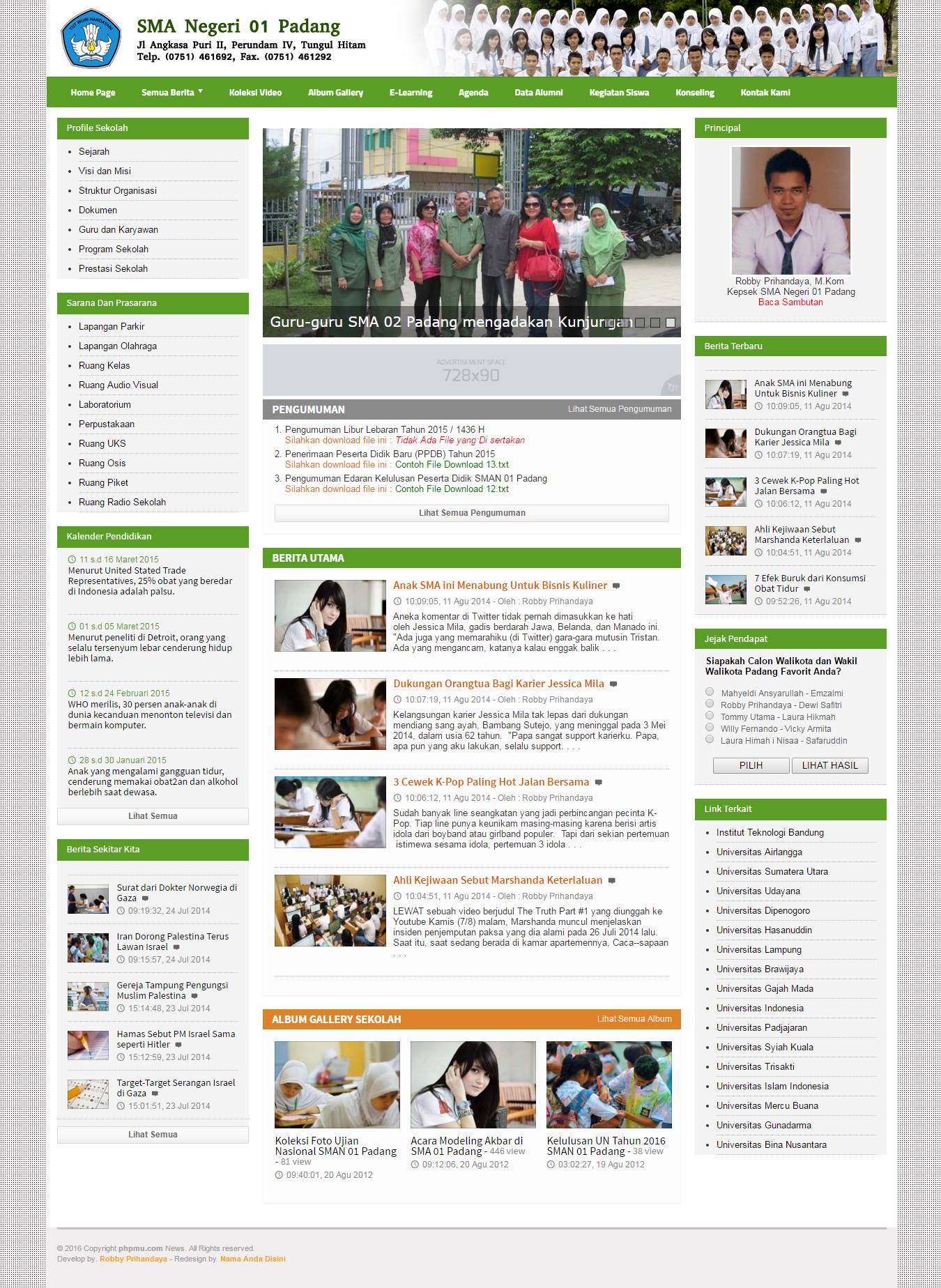 SIKOLAG - Website sekolah gratis V.1 Responsive (Full Color)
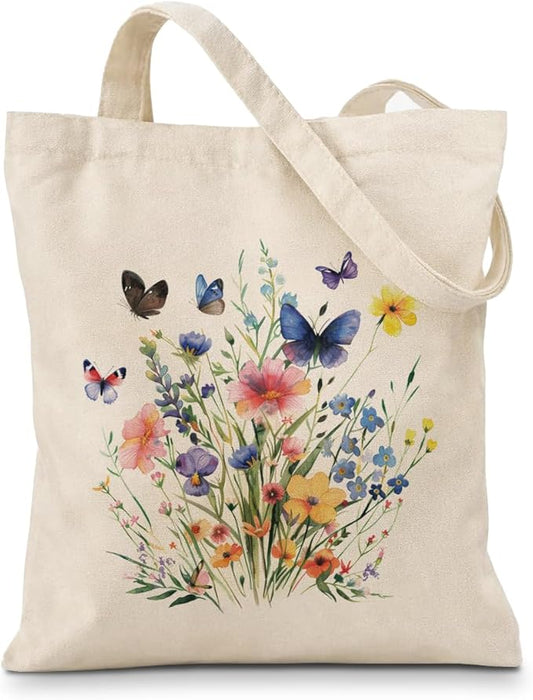 Floral Canvas Tote, Women Weekend Bags, Reusable Grocery Canvas Bag, Large Two Sided Printing Tote Bags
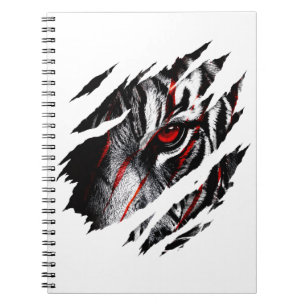 Carnet Yeux de tigre animés à travers une égratignure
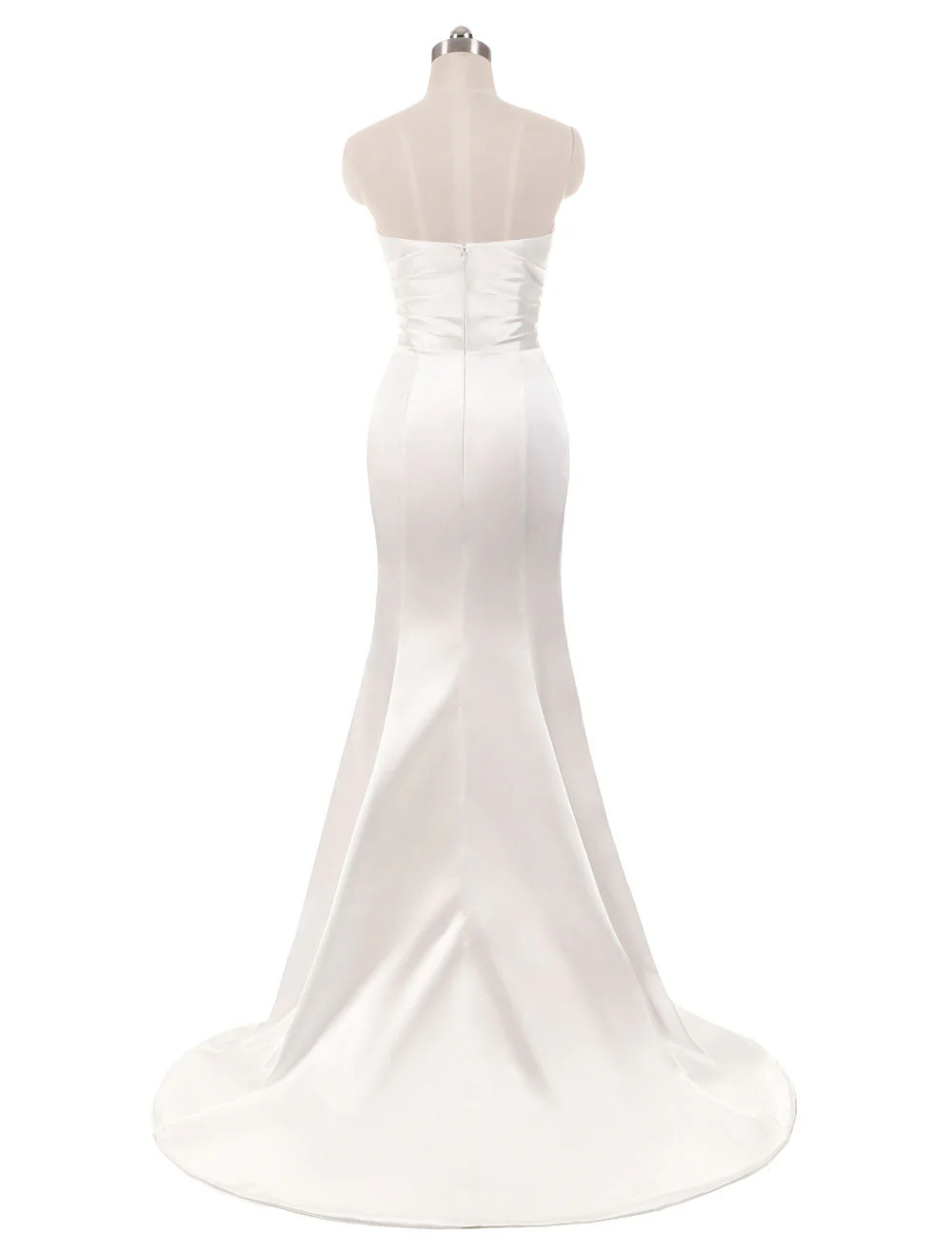 Stunning Ivory Wedding Dresses Strapless Mermaid Evening Dresses V Neck Sleeveless Split Beach Bridal Gown With Court Train - Image 4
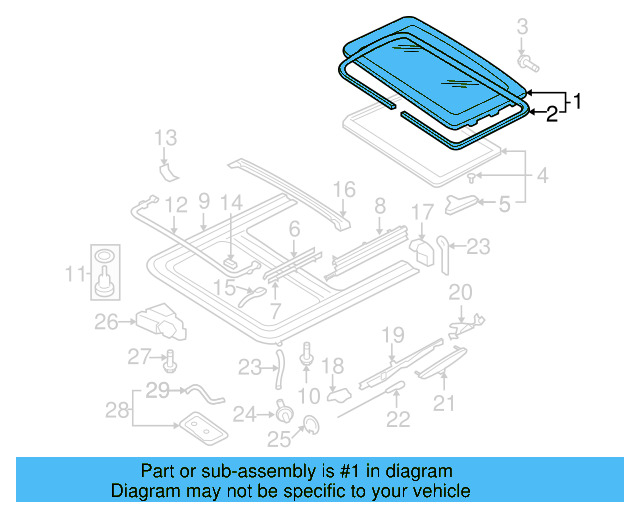 Sunroof Glass 1C0-877-071-B - View 2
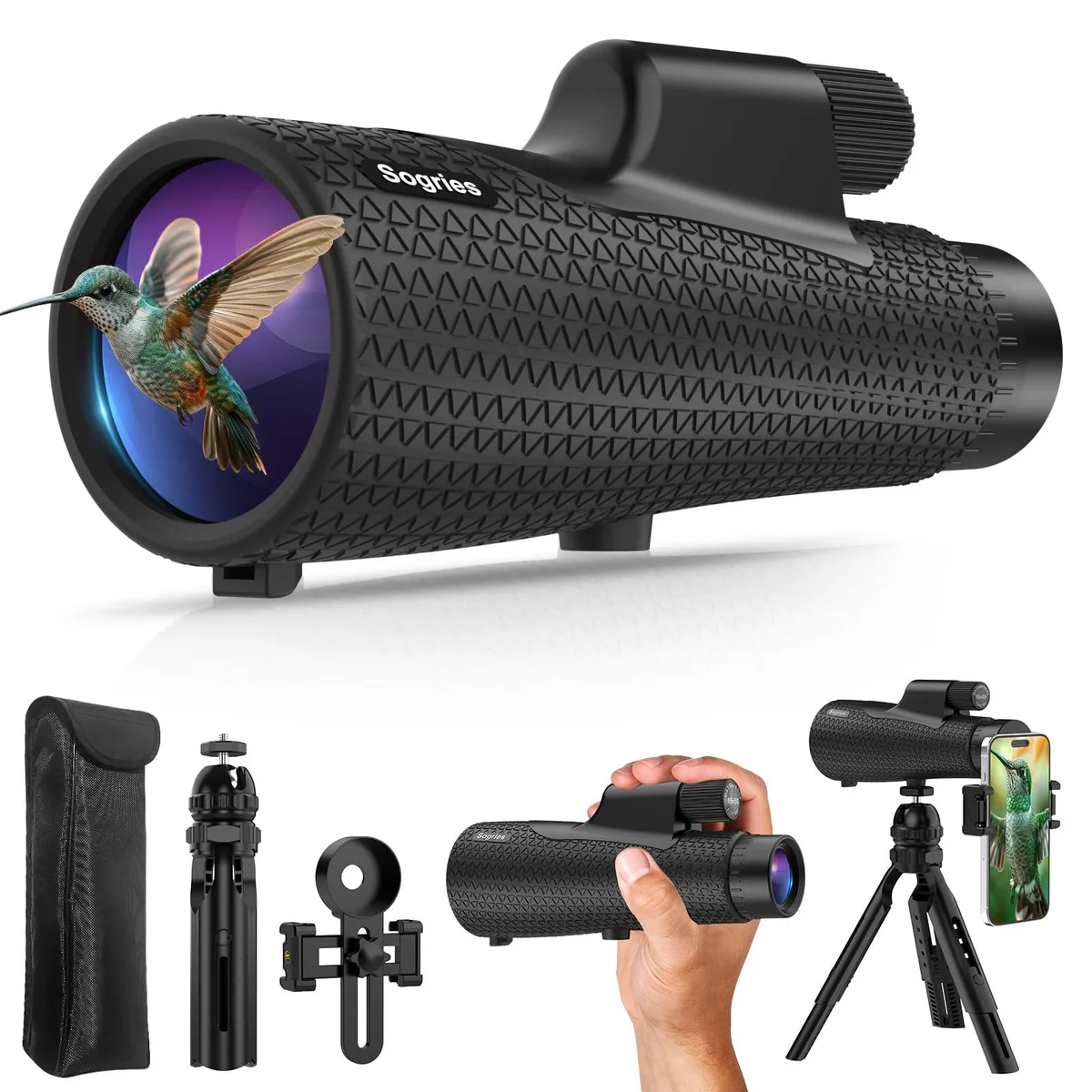  AVer 15x55 Monocular 15×55 BAK4 Prism Waterproof Fogproof Tripod Phone Adapter — product photo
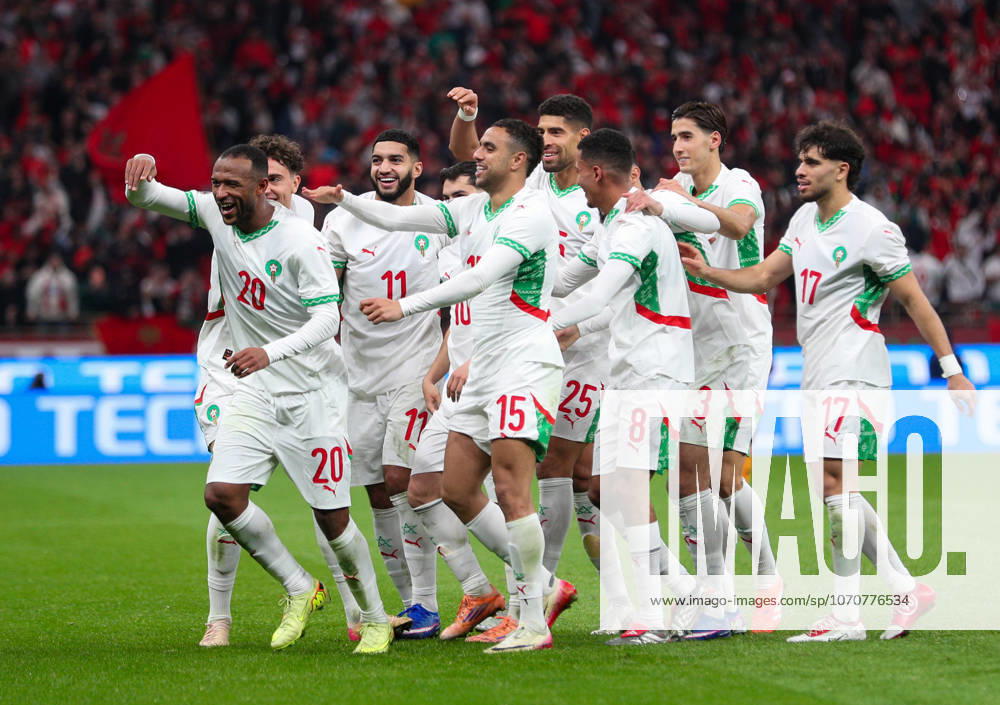 Soccer Africa Cup 2025, Preliminary round, Group A, Matchday 3 Zambia vs Morocco CAF Africa Cup of Nations AFCON Stade Prince Moulay Abdallah Rabat Morocco Goal celebration Ayoub El Kaabi Morocco, 20 Brahim Diaz Brahim Diaz Morocco, 10 Mohamed Chibi Morocco, 15 Oussama Targhalline Morocco, 14 Azzedine Ounahi Morocco, 8 Abde Ezzalzouli Morocco, 17 Mohamed Chibi Morocco, 15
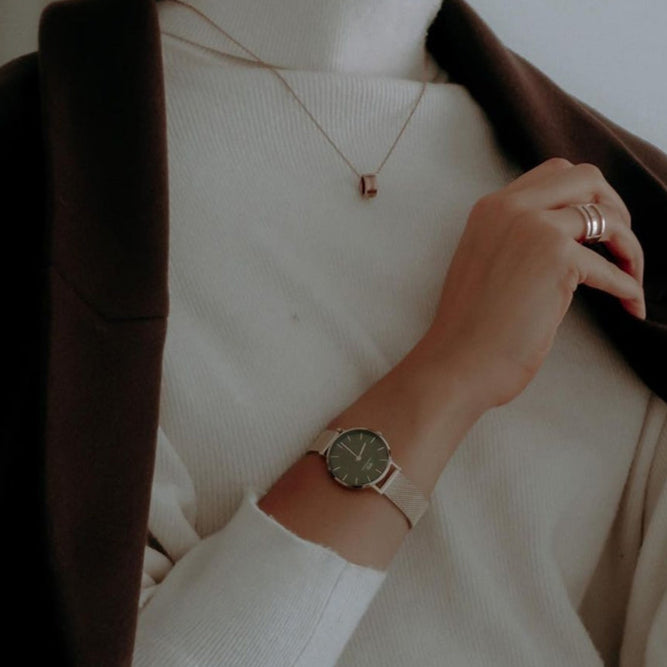 Daniel Wellington Petite Emerald Green Dial Gold Mesh Strap Watch For Women - DW00100479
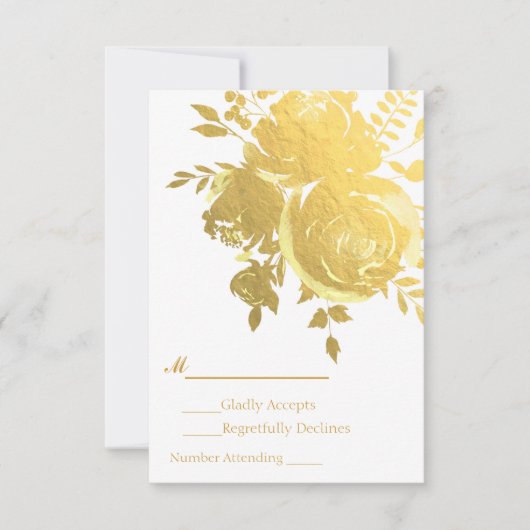 Gold Rozen Faux Folie Elegant Modern Wedding RSVP (Voorkant)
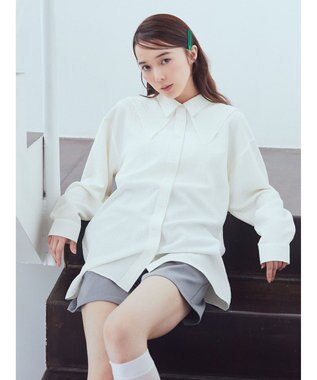 earth music&ecology ダブルカラーシャツ Ivory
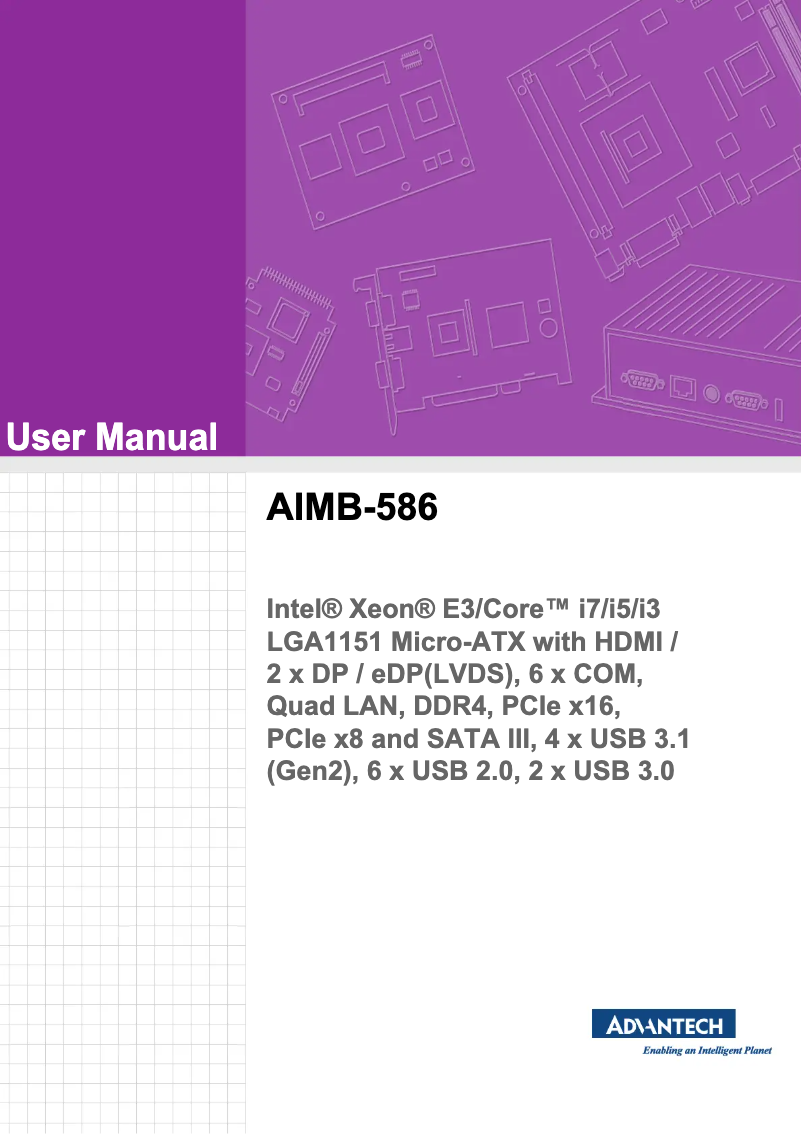 Page n°1 - Manuel utilisateur Advantech AIMB-586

_____

● PROBLEM REQUIREMENTS
Everything from the line containing "Daniel Wellington Petite" to the last line of the listing above must be reproduced exactly, with no pictures included.

● OUTPUT OF THE TASK
 Daniel Wellington Petite Emerald Green Dial Gold Mesh Strap Watch For Women - DW00100479
 Gold Rozen Faux Folie Elegant Modern Wedding RSVP (Voorkant)
 earth music&ecology ダブルカラーシャツ Ivory
 Page n°1 - Manuel utilisateur Advantech AIMB-586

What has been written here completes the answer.